=== MATERIAL TO PROCESS ===
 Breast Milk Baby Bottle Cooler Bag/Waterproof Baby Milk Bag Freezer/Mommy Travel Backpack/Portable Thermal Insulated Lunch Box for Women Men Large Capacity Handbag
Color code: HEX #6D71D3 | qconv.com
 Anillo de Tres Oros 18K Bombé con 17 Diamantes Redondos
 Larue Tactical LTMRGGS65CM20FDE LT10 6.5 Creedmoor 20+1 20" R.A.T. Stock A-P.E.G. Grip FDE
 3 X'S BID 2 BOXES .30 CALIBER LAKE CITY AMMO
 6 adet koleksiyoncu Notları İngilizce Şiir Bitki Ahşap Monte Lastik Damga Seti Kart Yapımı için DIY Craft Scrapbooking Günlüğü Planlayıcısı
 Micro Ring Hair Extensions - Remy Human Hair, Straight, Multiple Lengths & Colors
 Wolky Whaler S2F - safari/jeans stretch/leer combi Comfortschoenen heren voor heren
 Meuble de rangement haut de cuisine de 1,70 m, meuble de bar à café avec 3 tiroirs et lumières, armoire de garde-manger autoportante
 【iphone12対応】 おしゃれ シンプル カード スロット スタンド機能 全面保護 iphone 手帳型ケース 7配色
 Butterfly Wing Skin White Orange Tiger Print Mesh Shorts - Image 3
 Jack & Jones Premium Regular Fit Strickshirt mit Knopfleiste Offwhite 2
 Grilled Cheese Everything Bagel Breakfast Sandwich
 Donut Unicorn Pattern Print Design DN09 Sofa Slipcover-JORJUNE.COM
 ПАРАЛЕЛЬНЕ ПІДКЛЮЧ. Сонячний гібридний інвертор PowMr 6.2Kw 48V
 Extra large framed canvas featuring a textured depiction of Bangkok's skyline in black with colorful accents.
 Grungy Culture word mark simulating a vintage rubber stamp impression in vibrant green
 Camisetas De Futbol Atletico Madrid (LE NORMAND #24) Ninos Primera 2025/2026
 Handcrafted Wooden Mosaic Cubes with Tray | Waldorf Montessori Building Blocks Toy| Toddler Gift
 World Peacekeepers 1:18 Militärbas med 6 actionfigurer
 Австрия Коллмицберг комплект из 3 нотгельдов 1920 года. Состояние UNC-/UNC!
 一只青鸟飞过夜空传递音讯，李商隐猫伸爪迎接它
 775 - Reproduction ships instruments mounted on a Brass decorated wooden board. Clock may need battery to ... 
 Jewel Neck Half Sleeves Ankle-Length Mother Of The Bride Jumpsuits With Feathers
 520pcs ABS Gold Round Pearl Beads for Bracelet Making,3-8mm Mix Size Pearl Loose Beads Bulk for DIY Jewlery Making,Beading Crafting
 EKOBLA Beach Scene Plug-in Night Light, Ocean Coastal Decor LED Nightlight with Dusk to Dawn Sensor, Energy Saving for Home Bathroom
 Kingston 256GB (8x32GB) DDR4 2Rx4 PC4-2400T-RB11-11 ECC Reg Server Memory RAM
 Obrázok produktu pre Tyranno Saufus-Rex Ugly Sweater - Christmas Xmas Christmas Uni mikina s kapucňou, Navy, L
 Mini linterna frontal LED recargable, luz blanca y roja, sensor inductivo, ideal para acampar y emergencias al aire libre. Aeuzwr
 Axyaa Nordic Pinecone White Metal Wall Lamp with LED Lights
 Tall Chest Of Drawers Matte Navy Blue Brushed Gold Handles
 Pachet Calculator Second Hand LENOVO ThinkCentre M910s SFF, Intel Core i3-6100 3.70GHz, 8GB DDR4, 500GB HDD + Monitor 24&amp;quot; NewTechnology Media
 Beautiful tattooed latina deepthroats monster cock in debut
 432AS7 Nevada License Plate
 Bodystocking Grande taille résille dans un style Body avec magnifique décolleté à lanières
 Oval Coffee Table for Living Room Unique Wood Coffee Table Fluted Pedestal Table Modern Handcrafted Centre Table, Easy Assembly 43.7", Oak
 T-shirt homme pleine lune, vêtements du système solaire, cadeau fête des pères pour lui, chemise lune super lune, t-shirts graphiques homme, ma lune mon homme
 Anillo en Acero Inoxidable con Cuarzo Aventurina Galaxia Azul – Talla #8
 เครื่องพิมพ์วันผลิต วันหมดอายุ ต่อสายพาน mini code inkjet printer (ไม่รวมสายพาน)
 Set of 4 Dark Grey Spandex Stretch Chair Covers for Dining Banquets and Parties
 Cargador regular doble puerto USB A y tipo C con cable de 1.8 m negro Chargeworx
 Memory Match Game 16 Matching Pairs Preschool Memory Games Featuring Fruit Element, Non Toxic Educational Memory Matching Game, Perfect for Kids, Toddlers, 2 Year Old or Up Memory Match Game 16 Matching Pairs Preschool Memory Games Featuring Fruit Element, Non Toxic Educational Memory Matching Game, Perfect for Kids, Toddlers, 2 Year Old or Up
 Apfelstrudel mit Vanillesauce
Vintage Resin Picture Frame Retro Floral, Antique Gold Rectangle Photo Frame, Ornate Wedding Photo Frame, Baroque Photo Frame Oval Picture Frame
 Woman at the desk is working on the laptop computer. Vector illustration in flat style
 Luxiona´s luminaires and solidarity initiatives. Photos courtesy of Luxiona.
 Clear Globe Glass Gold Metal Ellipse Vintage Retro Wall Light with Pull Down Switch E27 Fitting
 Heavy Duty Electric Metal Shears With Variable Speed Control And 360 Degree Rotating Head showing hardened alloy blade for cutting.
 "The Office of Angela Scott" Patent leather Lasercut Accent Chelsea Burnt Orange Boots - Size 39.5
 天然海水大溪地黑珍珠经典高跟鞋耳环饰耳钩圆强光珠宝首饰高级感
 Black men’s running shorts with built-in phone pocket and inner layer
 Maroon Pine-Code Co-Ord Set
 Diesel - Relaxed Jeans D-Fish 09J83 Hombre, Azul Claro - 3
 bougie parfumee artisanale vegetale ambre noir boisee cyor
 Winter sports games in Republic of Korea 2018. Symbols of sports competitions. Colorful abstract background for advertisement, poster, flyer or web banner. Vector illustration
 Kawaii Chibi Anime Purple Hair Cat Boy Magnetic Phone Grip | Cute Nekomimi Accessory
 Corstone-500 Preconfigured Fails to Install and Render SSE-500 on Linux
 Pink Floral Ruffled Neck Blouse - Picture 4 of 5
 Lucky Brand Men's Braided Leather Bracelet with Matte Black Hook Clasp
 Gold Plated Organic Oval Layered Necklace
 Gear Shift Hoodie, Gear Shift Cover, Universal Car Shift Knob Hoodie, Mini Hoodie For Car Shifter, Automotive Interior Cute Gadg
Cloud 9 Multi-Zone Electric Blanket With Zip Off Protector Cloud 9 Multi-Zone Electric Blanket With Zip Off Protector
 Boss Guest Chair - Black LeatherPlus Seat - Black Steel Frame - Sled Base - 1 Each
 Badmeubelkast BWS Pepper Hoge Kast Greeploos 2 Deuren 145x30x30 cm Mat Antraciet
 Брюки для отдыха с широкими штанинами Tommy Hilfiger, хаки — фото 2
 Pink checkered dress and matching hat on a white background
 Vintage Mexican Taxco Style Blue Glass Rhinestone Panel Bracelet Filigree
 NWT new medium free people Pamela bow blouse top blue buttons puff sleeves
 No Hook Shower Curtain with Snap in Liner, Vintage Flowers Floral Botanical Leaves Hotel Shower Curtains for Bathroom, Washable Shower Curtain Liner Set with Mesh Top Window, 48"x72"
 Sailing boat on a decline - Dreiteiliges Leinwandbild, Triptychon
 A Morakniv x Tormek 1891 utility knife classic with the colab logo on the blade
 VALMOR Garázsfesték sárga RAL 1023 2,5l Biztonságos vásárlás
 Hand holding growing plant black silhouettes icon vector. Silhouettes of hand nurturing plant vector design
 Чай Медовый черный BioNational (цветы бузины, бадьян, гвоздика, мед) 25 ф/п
===
EXERCISE | Transcribe the records exactly as they appear.

EXERCISE RESPONSE |
 Breast Milk Baby Bottle Cooler Bag/Waterproof Baby Milk Bag Freezer/Mommy Travel Backpack/Portable Thermal Insulated Lunch Box for Women Men Large Capacity Handbag
Color code: HEX #6D71D3 | qconv.com
 Anillo de Tres Oros 18K Bombé con 17 Diamantes Redondos
 Larue Tactical LTMRGGS65CM20FDE LT10 6.5 Creedmoor 20+1 20" R.A.T. Stock A-P.E.G. Grip FDE
 3 X'S BID 2 BOXES .30 CALIBER LAKE CITY AMMO
 6 adet koleksiyoncu Notları İngilizce Şiir Bitki Ahşap Monte Lastik Damga Seti Kart Yapımı için DIY Craft Scrapbooking Günlüğü Planlayıcısı
 Micro Ring Hair Extensions - Remy Human Hair, Straight, Multiple Lengths & Colors
 Wolky Whaler S2F - safari/jeans stretch/leer combi Comfortschoenen heren voor heren
 Meuble de rangement haut de cuisine de 1,70 m, meuble de bar à café avec 3 tiroirs et lumières, armoire de garde-manger autoportante
 【iphone12対応】 おしゃれ シンプル カード スロット スタンド機能 全面保護 iphone 手帳型ケース 7配色
 Butterfly Wing Skin White Orange Tiger Print Mesh Shorts - Image 3
 Jack & Jones Premium Regular Fit Strickshirt mit Knopfleiste Offwhite 2
 Grilled Cheese Everything Bagel Breakfast Sandwich
 Donut Unicorn Pattern Print Design DN09 Sofa Slipcover-JORJUNE.COM
 ПАРАЛЕЛЬНЕ ПІДКЛЮЧ. Сонячний гібридний інвертор PowMr 6.2Kw 48V
 Extra large framed canvas featuring a textured depiction of Bangkok's skyline in black with colorful accents.
 Grungy Culture word mark simulating a vintage rubber stamp impression in vibrant green
 Camisetas De Futbol Atletico Madrid (LE NORMAND #24) Ninos Primera 2025/2026
 Handcrafted Wooden Mosaic Cubes with Tray | Waldorf Montessori Building Blocks Toy| Toddler Gift
 World Peacekeepers 1:18 Militärbas med 6 actionfigurer
 Австрия Коллмицберг комплект из 3 нотгельдов 1920 года. Состояние UNC-/UNC!
 一只青鸟飞过夜空传递音讯，李商隐猫伸爪迎接它
 775 - Reproduction ships instruments mounted on a Brass decorated wooden board. Clock may need battery to ... 
 Jewel Neck Half Sleeves Ankle-Length Mother Of The Bride Jumpsuits With Feathers
 520pcs ABS Gold Round Pearl Beads for Bracelet Making,3-8mm Mix Size Pearl Loose Beads Bulk for DIY Jewlery Making,Beading Crafting
 EKOBLA Beach Scene Plug-in Night Light, Ocean Coastal Decor LED Nightlight with Dusk to Dawn Sensor, Energy Saving for Home Bathroom
 Kingston 256GB (8x32GB) DDR4 2Rx4 PC4-2400T-RB11-11 ECC Reg Server Memory RAM
 Obrázok produktu pre Tyranno Saufus-Rex Ugly Sweater - Christmas Xmas Christmas Uni mikina s kapucňou, Navy, L
 Mini linterna frontal LED recargable, luz blanca y roja, sensor inductivo, ideal para acampar y emergencias al aire libre. Aeuzwr
 Axyaa Nordic Pinecone White Metal Wall Lamp with LED Lights
 Tall Chest Of Drawers Matte Navy Blue Brushed Gold Handles
 Pachet Calculator Second Hand LENOVO ThinkCentre M910s SFF, Intel Core i3-6100 3.70GHz, 8GB DDR4, 500GB HDD + Monitor 24&amp;quot; NewTechnology Media
 Beautiful tattooed latina deepthroats monster cock in debut
 432AS7 Nevada License Plate
 Bodystocking Grande taille résille dans un style Body avec magnifique décolleté à lanières
 Oval Coffee Table for Living Room Unique Wood Coffee Table Fluted Pedestal Table Modern Handcrafted Centre Table, Easy Assembly 43.7", Oak
 T-shirt homme pleine lune, vêtements du système solaire, cadeau fête des pères pour lui, chemise lune super lune, t-shirts graphiques homme, ma lune mon homme
 Anillo en Acero Inoxidable con Cuarzo Aventurina Galaxia Azul – Talla #8
 เครื่องพิมพ์วันผลิต วันหมดอายุ ต่อสายพาน mini code inkjet printer (ไม่รวมสายพาน)
 Set of 4 Dark Grey Spandex Stretch Chair Covers for Dining Banquets and Parties
 Cargador regular doble puerto USB A y tipo C con cable de 1.8 m negro Chargeworx
 Memory Match Game 16 Matching Pairs Preschool Memory Games Featuring Fruit Element, Non Toxic Educational Memory Matching Game, Perfect for Kids, Toddlers, 2 Year Old or Up Memory Match Game 16 Matching Pairs Preschool Memory Games Featuring Fruit Element, Non Toxic Educational Memory Matching Game, Perfect for Kids, Toddlers, 2 Year Old or Up
 Apfelstrudel mit Vanillesauce
Vintage Resin Picture Frame Retro Floral, Antique Gold Rectangle Photo Frame, Ornate Wedding Photo Frame, Baroque Photo Frame Oval Picture Frame
 Woman at the desk is working on the laptop computer. Vector illustration in flat style
 Luxiona´s luminaires and solidarity initiatives. Photos courtesy of Luxiona.
 Clear Globe Glass Gold Metal Ellipse Vintage Retro Wall Light with Pull Down Switch E27 Fitting
 Heavy Duty Electric Metal Shears With Variable Speed Control And 360 Degree Rotating Head showing hardened alloy blade for cutting.
 "The Office of Angela Scott" Patent leather Lasercut Accent Chelsea Burnt Orange Boots - Size 39.5
 天然海水大溪地黑珍珠经典高跟鞋耳环饰耳钩圆强光珠宝首饰高级感
 Black men’s running shorts with built-in phone pocket and inner layer
 Maroon Pine-Code Co-Ord Set
 Diesel - Relaxed Jeans D-Fish 09J83 Hombre, Azul Claro - 3
 bougie parfumee artisanale vegetale ambre noir boisee cyor
 Winter sports games in Republic of Korea 2018. Symbols of sports competitions. Colorful abstract background for advertisement, poster, flyer or web banner. Vector illustration
 Kawaii Chibi Anime Purple Hair Cat Boy Magnetic Phone Grip | Cute Nekomimi Accessory
 Corstone-500 Preconfigured Fails to Install and Render SSE-500 on Linux
 Pink Floral Ruffled Neck Blouse - Picture 4 of 5
 Lucky Brand Men's Braided Leather Bracelet with Matte Black Hook Clasp
 Gold Plated Organic Oval Layered Necklace
 Gear Shift Hoodie, Gear Shift Cover, Universal Car Shift Knob Hoodie, Mini Hoodie For Car Shifter, Automotive Interior Cute Gadg
Cloud 9 Multi-Zone Electric Blanket With Zip Off Protector Cloud 9 Multi-Zone Electric Blanket With Zip Off Protector
 Boss Guest Chair - Black LeatherPlus Seat - Black Steel Frame - Sled Base - 1 Each
 Badmeubelkast BWS Pepper Hoge Kast Greeploos 2 Deuren 145x30x30 cm Mat Antraciet
 Брюки для отдыха с широкими штанинами Tommy Hilfiger, хаки — фото 2
 Pink checkered dress and matching hat on a white background
 Vintage Mexican Taxco Style Blue Glass Rhinestone Panel Bracelet Filigree
 NWT new medium free people Pamela bow blouse top blue buttons puff sleeves
 No Hook Shower Curtain with Snap in Liner, Vintage Flowers Floral Botanical Leaves Hotel Shower Curtains for Bathroom, Washable Shower Curtain Liner Set with Mesh Top Window, 48"x72"
 Sailing boat on a decline - Dreiteiliges Leinwandbild, Triptychon
 A Morakniv x Tormek 1891 utility knife classic with the colab logo on the blade
 VALMOR Garázsfesték sárga RAL 1023 2,5l Biztonságos vásárlás
 Hand holding growing plant black silhouettes icon vector. Silhouettes of hand nurturing plant vector design
 Чай Медовый черный BioNational (цветы бузины, бадьян, гвоздика, мед) 25 ф/п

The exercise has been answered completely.